ゴッサム・シティを舞台にしたロールプレイングゲーム。
上の庇から雨が滴り、汚れたガラスに筋を描いている。眼下の通りは水で滑りやすくなっており、赤色のネオンや琥珀色の街灯が、舗装路に散らばった模様のように反射している。ナロウズの方角でサイレンが鳴り響く。2ブロック先か、あるいは3ブロック先か。その音はビルを回り込み、霧の中へと消えていく。
ゴッサムは眠らない。こんな時間でも、路地を挟んだ向かいの開いた窓から話し声が聞こえてくる。誰かが激しく、苦々しく笑う。ドアがバタンと閉まる。笑い声が途絶える。
空気は濡れたコンクリートと排気ガスの匂いがする。吐く息が白く見えてすぐに消えるほどに冷え込んでいる。この街はいつも、ビルが冷気を閉じ込めて離さない真夜中過ぎが一番寒い。
一匹の猫が下の非常階段を、慎重に、音もなく移動していく。その目が一瞬光を捉える。暗闇の中に浮かぶ二つの輝点。そして、消えた。

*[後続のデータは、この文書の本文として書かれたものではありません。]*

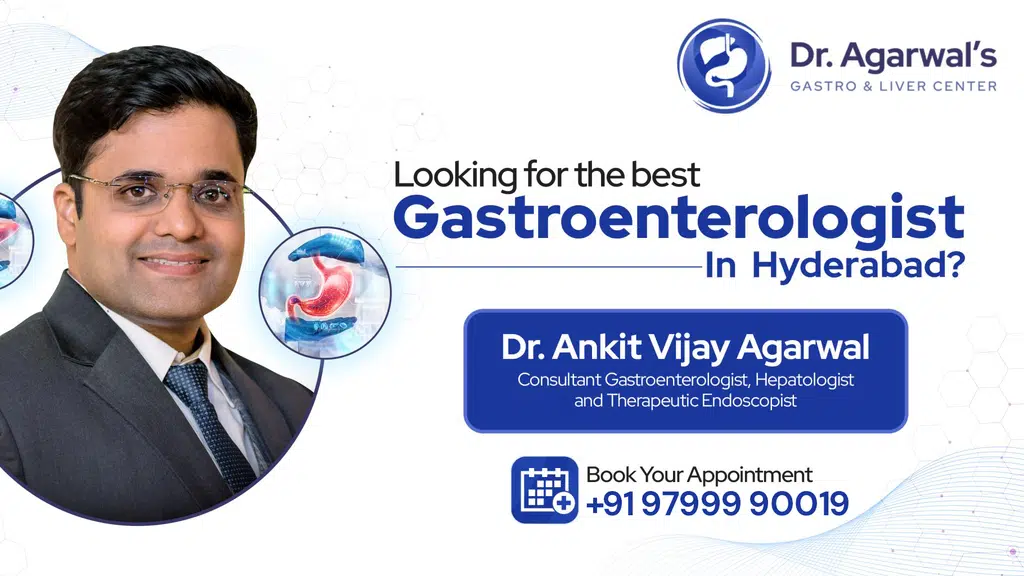 Dr. Ankit Vijay Agarwal - Gastroenterologist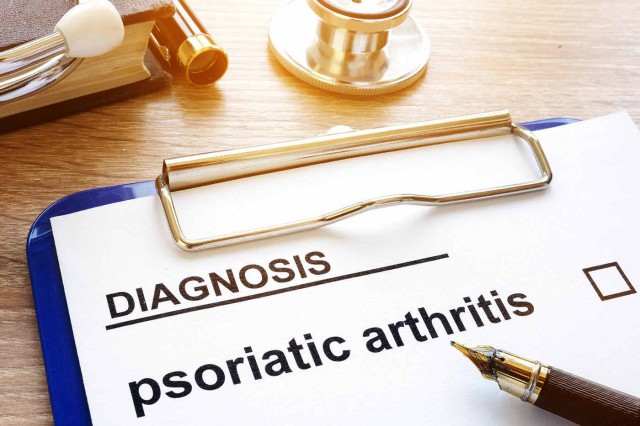 Cum gestionezi episoadele acute de artrită psoriazică?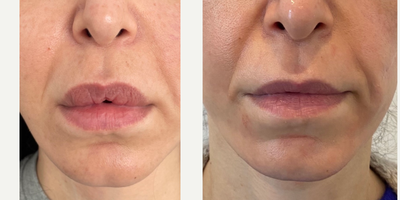 25-34 year old woman treated with Silicone Injection Removal - Removal of silicone biopolymers and lip lift performed at the same time by Dr. Raffy Karamanoukian in Los Angeles.
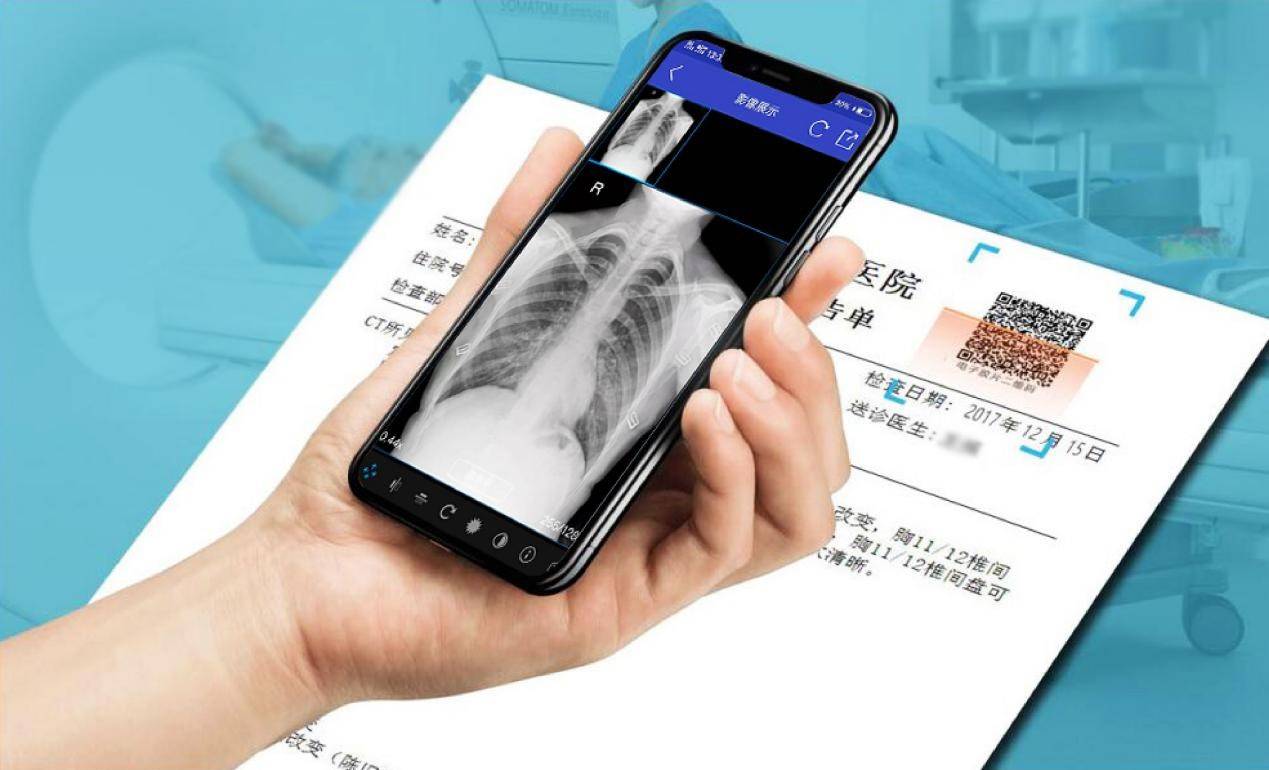 云膠片是什么？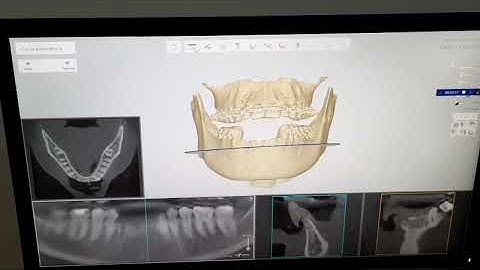 Implant Studio 3Shape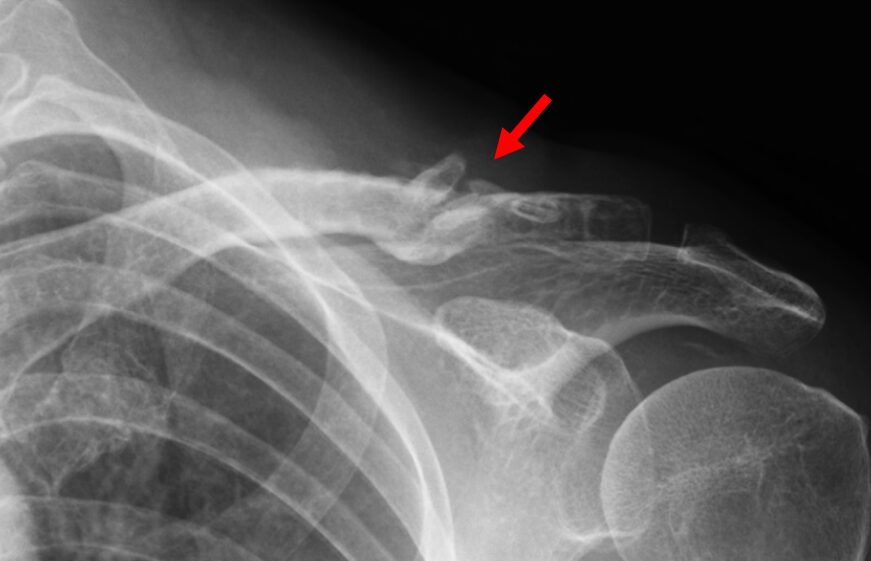 Deformity healing of clavicle fractures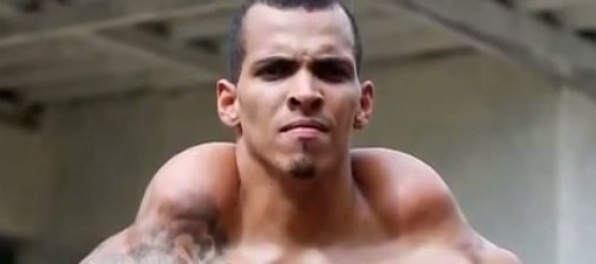 Mladý Brazílčan si vpichoval olej a alkohol do bicepsov, aby zvýšil objem svalov Mladý Brazílčan si vpichoval olej a alkohol do bicepsov, aby zvýšil objem svalov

ここから見るスカイラインは、折れた歯のようだ。霧を突き抜けるゴシック様式の尖塔、雲から漏れるわずかな月光を反射するガラスのタワー。今夜、バットシグナルは灯っていない。雲が低すぎ、厚すぎるのだ。ただ街が暗闇の中で呼吸し、何かが起きるのを、あるいは何かが終わるのを待っている。
通りでは、ロングコートを着た人影が、頭を下げ、両手をポケットの奥深くに突っ込んで急ぎ足で通り過ぎていく。上は見ない。ゴッサムでは、ガラスの割れる音や悲鳴でも聞こえない限り、誰も上など見上げない。
雨が強まる。激しくはないが、しつこい雨だ。長く立っていれば、あらゆるものを濡らし尽くすような。水が溝を流れ、吸い殻や紙屑を雨水桝へと運んでいく。
遠くのどこかで、別のサイレンが最初の音に重なる。不協和音を奏でながら重なり合い、そして別々の方向へと消えていった。
街は気に留めない。決して。ただ動き続け、呼吸し続け、次に何が起ころうとも、それを待ち続けるだけだ。